*WHAT IS EXPECTED*
Please transcribe only the lines from the one holding "Quilt pattern for" through the final line of the data, both included, with no pictures.

Items listed in a dataset:
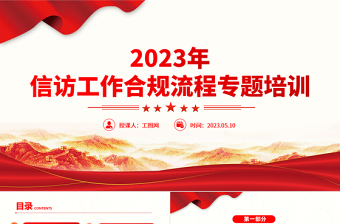 2023信访工作合规流程PPT党政风简约风信访工作合规流程专题培训课件模板下载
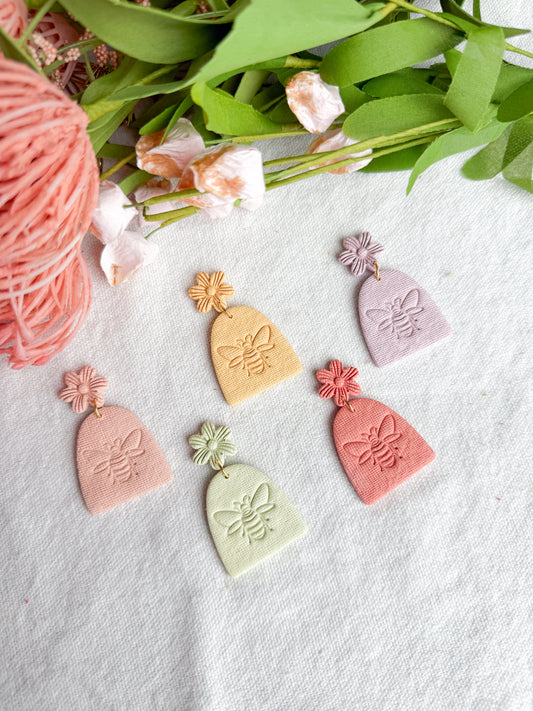 Pastel Honeybee Embossed Floral Polymer Clay Earrings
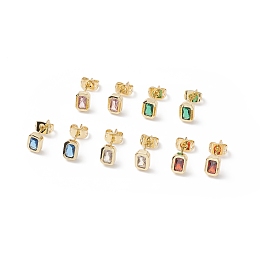 Honeyhandy Cubic Zirconia Rectangle Stud Earrings, Real 18K Gold Plated Brass Jewelry for Women, Cadmium Free & Nickel Free & Lead Free, Mixed Color, 7x5mm, Pin: 0.9mm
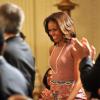 La First Lady Michelle Obama a eu droit à un cours de danse façon Bollywood lors d'une fête pour Diwali, à la Maison-Blanche, le 5 novembre 2013.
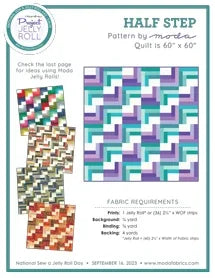 Quilt pattern for Half Step Project, includes fabric requirements and finished size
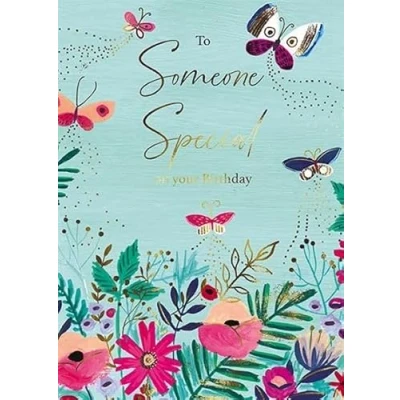 Image of Almanac Female Someone Special Birthday Card Butterflies and Flowers with Gold Foil Details Eco Friendly Recyclable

*COMPLETED EXERCISE*
 Quilt pattern for Half Step Project, includes fabric requirements and finished size
 Image of Almanac Female Someone Special Birthday Card Butterflies and Flowers with Gold Foil Details Eco Friendly Recyclable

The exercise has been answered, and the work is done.